Atualmente, no Brasil, de acordo com o Instituto Brasileiro de Geografia e Estatística (IBGE/2019), cerca de 8,4% da população do país é constituída por PCDs — o equivalente a 17,3 milhões de brasileiros. Dessa forma, espera-se que as instituições escolares tenham uma equipe de profissionais qualificados e uma estrutura adequada para receber esses indivíduos. Contudo, não é essa a realidade do país.
O Brasil possui leis que garantem os direitos das pessoas com deficiência, como é o caso da Lei Brasileira de Inclusão (Lei nº 13.146/2015). De acordo com Tairo Batista Esperança, Defensor Público do Estado de Goiás, “A lei garante o direito à educação, com oferta de profissionais de apoio, cursos bilíngues para surdos e atendimento preferencialmente na rede regular de ensino”.
Tairo ainda comenta que a previsão específica desses direitos é importante, pois garante a atenção do poder público às particularidades e necessidades da pessoa com deficiência, de modo a garantir a sua igualdade material para com todas as outras pessoas.
Legislação X Realidade
É evidente que a existência dessas leis não garante a inclusão, a acessibilidade e a permanência de pessoas com deficiência no ambiente escolar. Ana Beatriz Coelho, estudante de jornalismo e pessoa com deficiência visual, não percebeu as normas sendo aplicadas na prática.
“Meus pais tiveram dificuldade em me matricular no meu primeiro colégio do fundamental. Eles se recusavam a me receber por não ter recursos, e não tinha outro colégio na cidade. Então foi uma insistência bem pesada para eles conseguirem me deixar entrar”
Ana Beatriz fez o início do ensino fundamental em Brasília, mas depois mudou para o interior. A estudante conta que na capital tinha poucos problemas de acessibilidade, pois os professores detinham mais preparo e as escolas possuíam mais recursos. No entanto, a realidade virou outra quando foi para uma cidade pequena. “Foi muito difícil para que o pessoal conseguisse entender o que fazer. A escola não tinha recursos, não tinha folhas e existiam professores que se recusavam a fazer material adaptado.”
“Era muito complicada a questão de andar pelo colégio, era um lugar que não tinha muita acessibilidade. Quando eu precisava ler, eles colocavam alunos para fazerem a leitura, e isso sabotou a minha relação com os outros alunos, porque eles se sentiam com uma obrigação” Além disso, a estudante relata que ela quase não estudou nos dois últimos anos do ensino fundamental.
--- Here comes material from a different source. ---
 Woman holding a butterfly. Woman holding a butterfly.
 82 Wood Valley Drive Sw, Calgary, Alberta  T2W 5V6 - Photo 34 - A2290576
Sob essa perspectiva, Ana Beatriz é apenas uma entre as milhares de pessoas com deficiência que enfrentam essas adversidades todos os dias.
“Nossas instituições, públicas ou privadas, ainda estão impregnadas com uma visão assistencialista, que entendem que o problema é a pessoa com deficiência, e não as barreiras que ela enfrenta”, afirma o defensor público.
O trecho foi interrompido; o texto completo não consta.